*What you need to do*. From the first line of the entries below to the line with "retrato hermosa joven", give each line again exactly.

*Stored items from a collection*.
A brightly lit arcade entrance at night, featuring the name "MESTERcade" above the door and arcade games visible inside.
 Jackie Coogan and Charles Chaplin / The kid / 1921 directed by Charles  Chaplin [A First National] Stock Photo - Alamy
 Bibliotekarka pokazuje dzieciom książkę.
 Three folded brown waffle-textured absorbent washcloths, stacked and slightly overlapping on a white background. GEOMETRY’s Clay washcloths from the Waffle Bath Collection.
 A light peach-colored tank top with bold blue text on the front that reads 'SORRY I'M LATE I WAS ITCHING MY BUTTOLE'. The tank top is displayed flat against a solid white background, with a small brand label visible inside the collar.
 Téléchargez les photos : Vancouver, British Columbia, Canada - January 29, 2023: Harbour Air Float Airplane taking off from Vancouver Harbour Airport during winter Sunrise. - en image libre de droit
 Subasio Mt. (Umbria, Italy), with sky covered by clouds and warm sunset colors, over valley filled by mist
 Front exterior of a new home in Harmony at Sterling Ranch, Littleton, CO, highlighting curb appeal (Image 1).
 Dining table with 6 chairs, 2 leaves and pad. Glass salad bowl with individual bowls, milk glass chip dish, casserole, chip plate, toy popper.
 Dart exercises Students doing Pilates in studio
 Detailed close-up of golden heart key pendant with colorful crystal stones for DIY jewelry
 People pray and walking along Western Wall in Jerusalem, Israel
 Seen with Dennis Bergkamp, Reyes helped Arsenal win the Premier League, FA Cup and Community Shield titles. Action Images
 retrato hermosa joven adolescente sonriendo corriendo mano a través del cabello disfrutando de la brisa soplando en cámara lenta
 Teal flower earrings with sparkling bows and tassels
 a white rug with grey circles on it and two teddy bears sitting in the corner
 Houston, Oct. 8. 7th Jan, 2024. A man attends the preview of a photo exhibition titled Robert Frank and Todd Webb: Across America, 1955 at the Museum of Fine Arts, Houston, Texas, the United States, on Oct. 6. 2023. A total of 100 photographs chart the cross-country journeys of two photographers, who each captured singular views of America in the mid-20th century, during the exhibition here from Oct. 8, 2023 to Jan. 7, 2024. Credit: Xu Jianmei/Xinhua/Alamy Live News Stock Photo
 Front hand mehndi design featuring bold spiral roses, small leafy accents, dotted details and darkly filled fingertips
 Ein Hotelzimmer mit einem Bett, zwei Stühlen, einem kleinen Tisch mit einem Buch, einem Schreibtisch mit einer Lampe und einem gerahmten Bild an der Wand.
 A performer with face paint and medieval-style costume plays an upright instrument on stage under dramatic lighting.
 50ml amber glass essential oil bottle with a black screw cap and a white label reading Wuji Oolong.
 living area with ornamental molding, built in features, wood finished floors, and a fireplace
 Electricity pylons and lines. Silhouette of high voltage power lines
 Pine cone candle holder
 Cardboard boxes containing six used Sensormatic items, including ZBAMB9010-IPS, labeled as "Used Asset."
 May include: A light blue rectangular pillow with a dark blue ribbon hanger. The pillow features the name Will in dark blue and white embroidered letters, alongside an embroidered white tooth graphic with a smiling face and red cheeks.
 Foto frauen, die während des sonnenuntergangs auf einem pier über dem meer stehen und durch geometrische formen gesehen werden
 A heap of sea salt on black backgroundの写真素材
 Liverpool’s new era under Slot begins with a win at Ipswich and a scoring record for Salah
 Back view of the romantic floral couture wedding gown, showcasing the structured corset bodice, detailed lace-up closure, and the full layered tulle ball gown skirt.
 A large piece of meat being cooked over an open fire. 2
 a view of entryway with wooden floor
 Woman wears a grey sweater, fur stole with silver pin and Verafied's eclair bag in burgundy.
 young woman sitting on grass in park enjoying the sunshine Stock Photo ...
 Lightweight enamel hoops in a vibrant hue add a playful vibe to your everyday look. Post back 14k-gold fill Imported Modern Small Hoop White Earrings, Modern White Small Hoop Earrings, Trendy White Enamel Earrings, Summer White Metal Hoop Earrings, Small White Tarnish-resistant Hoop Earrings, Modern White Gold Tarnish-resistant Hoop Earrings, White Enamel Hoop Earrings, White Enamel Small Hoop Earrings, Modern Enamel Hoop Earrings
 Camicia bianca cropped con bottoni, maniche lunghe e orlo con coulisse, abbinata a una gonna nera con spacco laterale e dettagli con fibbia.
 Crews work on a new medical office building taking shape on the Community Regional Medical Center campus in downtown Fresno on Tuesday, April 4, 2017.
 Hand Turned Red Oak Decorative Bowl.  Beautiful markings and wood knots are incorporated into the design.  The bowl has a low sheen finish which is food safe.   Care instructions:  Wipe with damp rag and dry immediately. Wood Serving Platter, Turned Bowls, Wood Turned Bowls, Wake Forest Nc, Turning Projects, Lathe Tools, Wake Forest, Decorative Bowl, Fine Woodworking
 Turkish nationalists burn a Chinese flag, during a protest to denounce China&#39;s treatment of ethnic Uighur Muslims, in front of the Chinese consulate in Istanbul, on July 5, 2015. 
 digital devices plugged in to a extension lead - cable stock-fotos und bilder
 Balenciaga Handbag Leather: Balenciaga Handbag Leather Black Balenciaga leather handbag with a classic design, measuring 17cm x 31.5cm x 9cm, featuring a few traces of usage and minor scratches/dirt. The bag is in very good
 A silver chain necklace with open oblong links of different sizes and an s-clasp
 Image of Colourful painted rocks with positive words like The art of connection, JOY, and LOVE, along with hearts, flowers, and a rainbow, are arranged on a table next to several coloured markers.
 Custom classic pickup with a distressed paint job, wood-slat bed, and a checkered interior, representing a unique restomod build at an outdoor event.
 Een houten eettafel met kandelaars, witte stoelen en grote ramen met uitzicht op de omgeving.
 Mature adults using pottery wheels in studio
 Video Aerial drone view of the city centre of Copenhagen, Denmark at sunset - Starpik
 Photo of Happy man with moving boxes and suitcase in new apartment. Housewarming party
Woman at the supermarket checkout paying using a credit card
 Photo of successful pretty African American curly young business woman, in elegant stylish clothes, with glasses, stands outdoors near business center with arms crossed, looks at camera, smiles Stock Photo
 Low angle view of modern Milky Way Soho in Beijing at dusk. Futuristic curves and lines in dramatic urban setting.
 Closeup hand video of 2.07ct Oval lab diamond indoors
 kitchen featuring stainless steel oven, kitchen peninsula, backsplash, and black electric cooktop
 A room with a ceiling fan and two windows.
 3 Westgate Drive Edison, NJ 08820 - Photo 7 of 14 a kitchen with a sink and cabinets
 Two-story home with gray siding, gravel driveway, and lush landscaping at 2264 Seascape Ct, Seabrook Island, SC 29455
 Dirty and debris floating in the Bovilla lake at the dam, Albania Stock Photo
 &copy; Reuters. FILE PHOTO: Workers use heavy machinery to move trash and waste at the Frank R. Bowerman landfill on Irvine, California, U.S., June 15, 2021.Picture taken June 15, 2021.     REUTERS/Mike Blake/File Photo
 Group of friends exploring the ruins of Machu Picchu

*Solved exercise*.
A brightly lit arcade entrance at night, featuring the name "MESTERcade" above the door and arcade games visible inside.
 Jackie Coogan and Charles Chaplin / The kid / 1921 directed by Charles  Chaplin [A First National] Stock Photo - Alamy
 Bibliotekarka pokazuje dzieciom książkę.
 Three folded brown waffle-textured absorbent washcloths, stacked and slightly overlapping on a white background. GEOMETRY’s Clay washcloths from the Waffle Bath Collection.
 A light peach-colored tank top with bold blue text on the front that reads 'SORRY I'M LATE I WAS ITCHING MY BUTTOLE'. The tank top is displayed flat against a solid white background, with a small brand label visible inside the collar.
 Téléchargez les photos : Vancouver, British Columbia, Canada - January 29, 2023: Harbour Air Float Airplane taking off from Vancouver Harbour Airport during winter Sunrise. - en image libre de droit
 Subasio Mt. (Umbria, Italy), with sky covered by clouds and warm sunset colors, over valley filled by mist
 Front exterior of a new home in Harmony at Sterling Ranch, Littleton, CO, highlighting curb appeal (Image 1).
 Dining table with 6 chairs, 2 leaves and pad. Glass salad bowl with individual bowls, milk glass chip dish, casserole, chip plate, toy popper.
 Dart exercises Students doing Pilates in studio
 Detailed close-up of golden heart key pendant with colorful crystal stones for DIY jewelry
 People pray and walking along Western Wall in Jerusalem, Israel
 Seen with Dennis Bergkamp, Reyes helped Arsenal win the Premier League, FA Cup and Community Shield titles. Action Images
 retrato hermosa joven adolescente sonriendo corriendo mano a través del cabello disfrutando de la brisa soplando en cámara lenta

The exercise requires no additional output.